[Supplied information]
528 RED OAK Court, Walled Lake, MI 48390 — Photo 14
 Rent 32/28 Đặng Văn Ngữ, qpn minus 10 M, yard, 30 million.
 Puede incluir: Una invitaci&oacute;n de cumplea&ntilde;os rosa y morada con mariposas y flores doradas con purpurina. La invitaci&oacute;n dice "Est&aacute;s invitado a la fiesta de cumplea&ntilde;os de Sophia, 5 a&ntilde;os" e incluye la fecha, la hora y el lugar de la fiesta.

[About this exercise] Each line shown above needs to be transcribed exactly.

[Task answer]
528 RED OAK Court, Walled Lake, MI 48390 — Photo 14
 Rent 32/28 Đặng Văn Ngữ, qpn minus 10 M, yard, 30 million.
 Puede incluir: Una invitaci&oacute;n de cumplea&ntilde;os rosa y morada con mariposas y flores doradas con purpurina. La invitaci&oacute;n dice "Est&aacute;s invitado a la fiesta de cumplea&ntilde;os de Sophia, 5 a&ntilde;os" e incluye la fecha, la hora y el lugar de la fiesta.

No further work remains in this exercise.